BEGIN Provided data
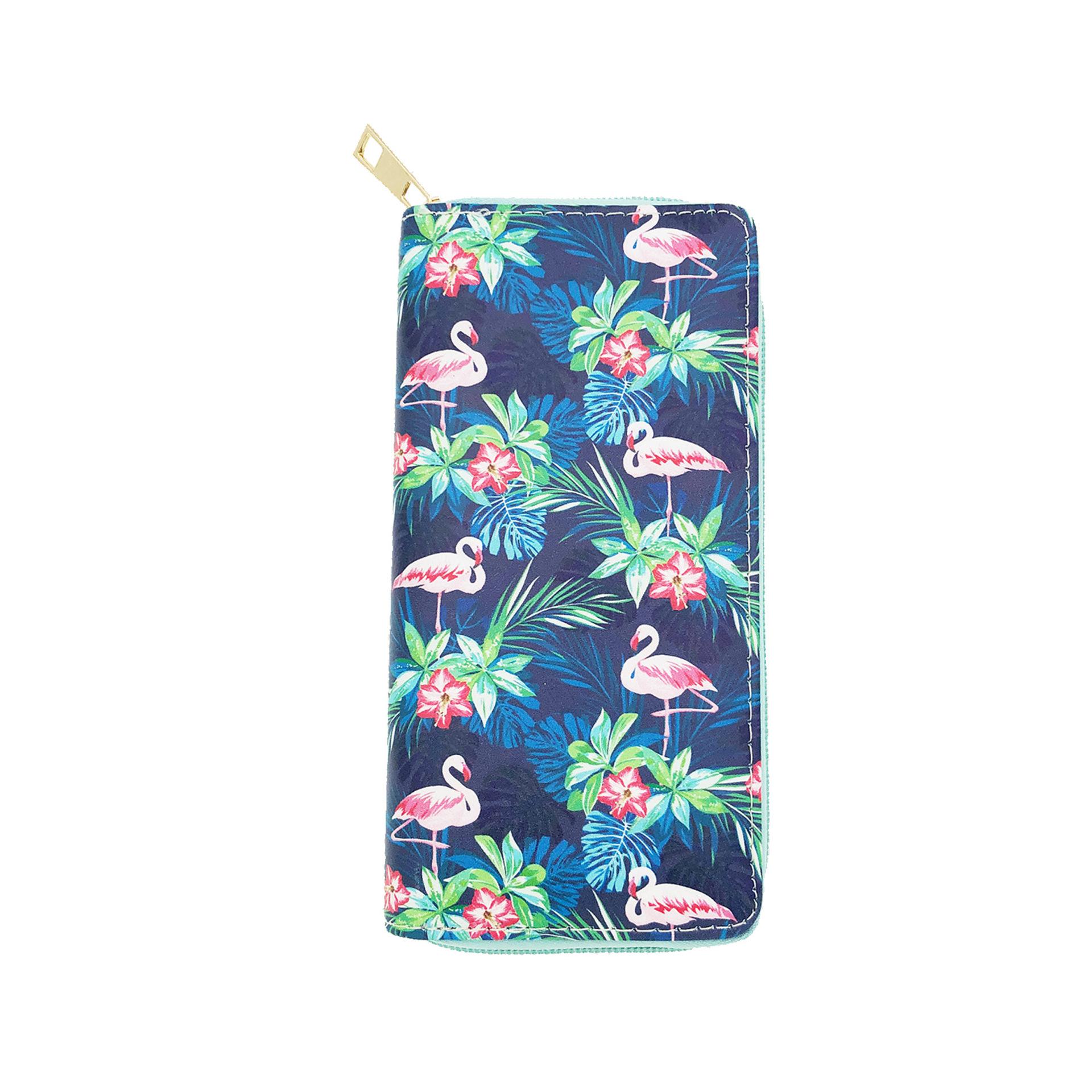 

New flower long zipper wallet, floral and plant pattern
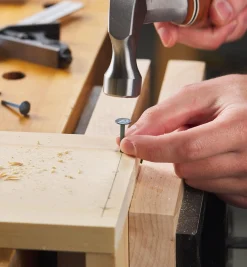 Lee Valley Blued Steel Diamond-Head Forged Nails From Clouterie Rivierre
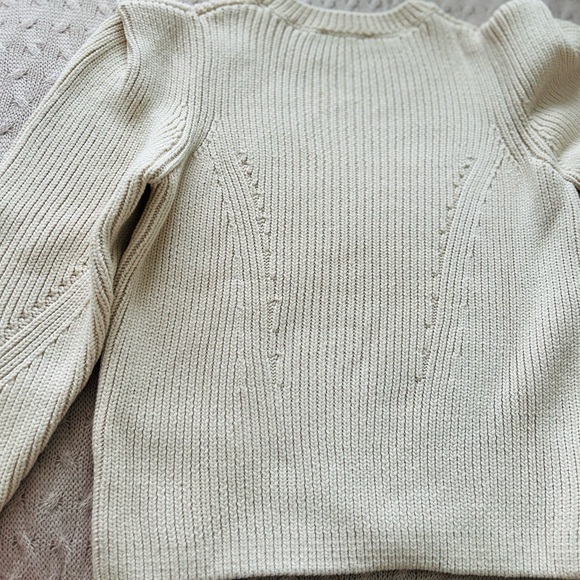 Beige Ribbed Knit Sweater - Picture 3 of 7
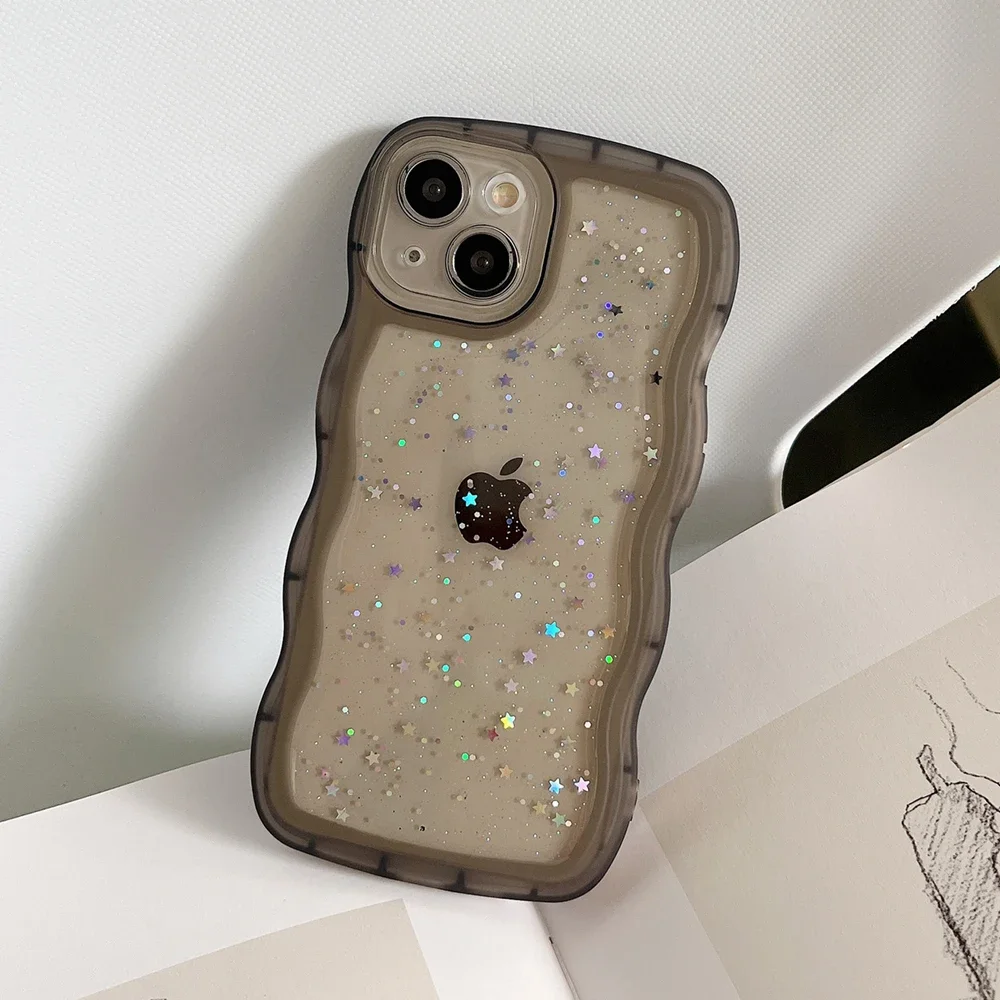 Фото Чехол для iPhone 15 14 13 12 11 Pro Max Mini XS XR SE 7 8 Plus, милый прозрачный мягкий гибридный противоударный чехол со звездой и кудрявыми волнами №3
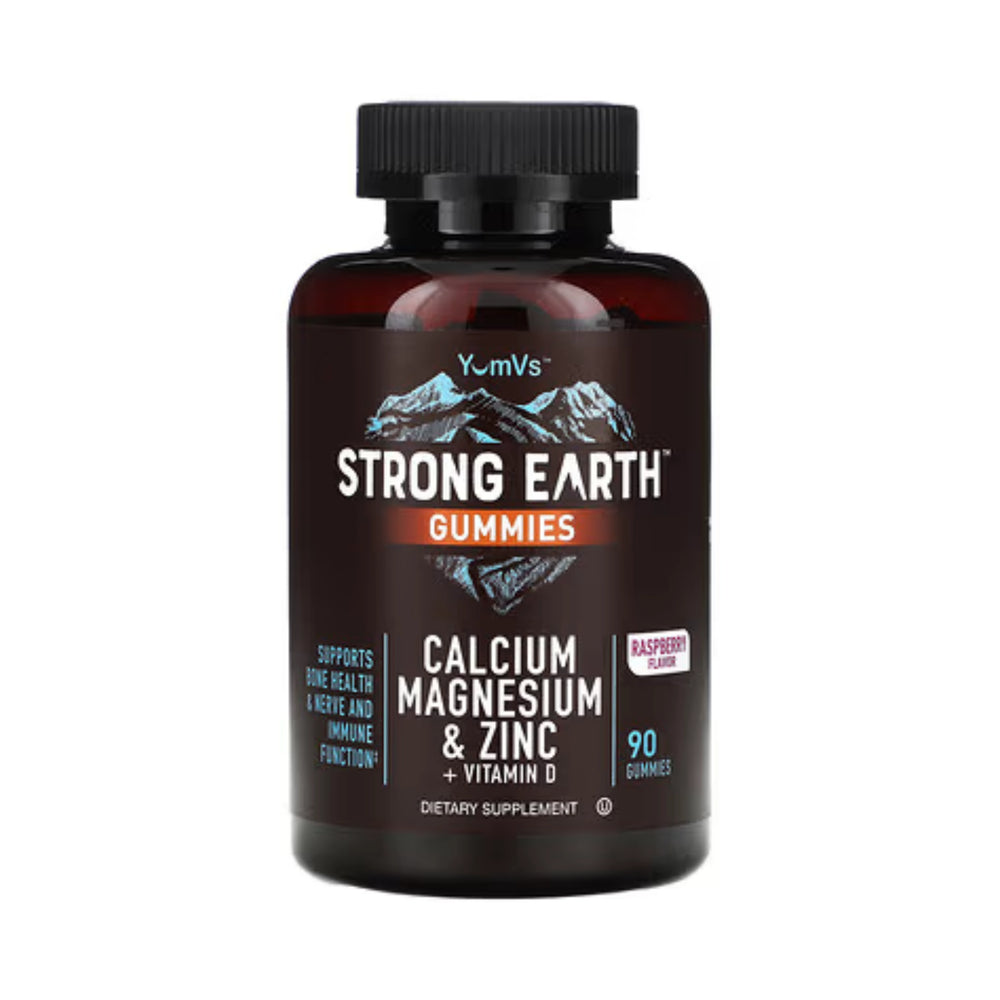 YumVs, Strong Earth Gummies, Calcium, Magnesium & Zinc + Vitamin D, Raspberry, 90 Gummies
END Provided data
Work order: Copy every record exactly as written, leaving out the pictures.

Answer for this exercise:
New flower long zipper wallet, floral and plant pattern
 Lee Valley Blued Steel Diamond-Head Forged Nails From Clouterie Rivierre
 Beige Ribbed Knit Sweater - Picture 3 of 7
 Фото Чехол для iPhone 15 14 13 12 11 Pro Max Mini XS XR SE 7 8 Plus, милый прозрачный мягкий гибридный противоударный чехол со звездой и кудрявыми волнами №3
 YumVs, Strong Earth Gummies, Calcium, Magnesium & Zinc + Vitamin D, Raspberry, 90 Gummies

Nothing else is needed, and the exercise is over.